The Conservatory is home to our wide selection of indoor flowering and foliage plants. It is fitted with in-floor heating and re-purposed doors from the sun porch at Dunn Gardens in Seattle. We also display our full range of terra cotta, ceramic and cast iron planters in the Conservatory with the largest of the planters spilling out to the south side of the building.

 

Propagation House

This Greenhouse was built in 1946 and because wood was so scarce after the war all the Greenhouse tables were made of homemade cement posts and cement slabs. In the 1970’s the roof was lowered to cut down on heating costs and the Greenhouse became a fiberglass house. In 2006 we took this greenhouse back to its original proportions using all vintage and salvaged materials including glass windows and salvaged greenhouse doors, shelving and a pantry cupboard from an old farmhouse in Mount Vernon. This house was originally used to propagate rhododendrons from cuttings but is now used to grow geraniums in the early spring and summer. Fall and winter it is filled with tropical plants including many varieties of citrus with Meyer’s lemon trees being the most popular. In February our festival ‘A Fascination for Hellebores’ is held in this house and in spring we start over again with geraniums.
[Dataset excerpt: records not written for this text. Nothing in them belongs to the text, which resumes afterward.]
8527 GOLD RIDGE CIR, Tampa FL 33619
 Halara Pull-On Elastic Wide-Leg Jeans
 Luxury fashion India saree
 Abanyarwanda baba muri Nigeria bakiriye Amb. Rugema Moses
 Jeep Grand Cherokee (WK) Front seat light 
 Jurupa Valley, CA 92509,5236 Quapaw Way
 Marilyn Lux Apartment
This house is also used to force plants into growth and bloom during the fall and winter when we are designing a garden for the Northwest Flower and Garden Show. We typically force about three times as many plants as we need because forcing is so unpredictable and this way we are assured of some early color and texture. This is a great old greenhouse.

Potting Shed

This ‘new’ Greenhouse Potting Shed made of preserved greenhouse glass and doors is a version of the old, low and dark potting shed we used for the first eighteen years we owned the nursery. The tractor loaded soil bins and the site are actually the only reminders of the old shed. It is now a wonderfully efficient potting area where we can pot roses and bare root trees and shrubs any time of year while watching the snow fly, listening to the rain on the roof or pushing the wide, sliding greenhouse doors open to welcome warmer days. We also plant our custom hanging baskets and containers here during late winter and early spring.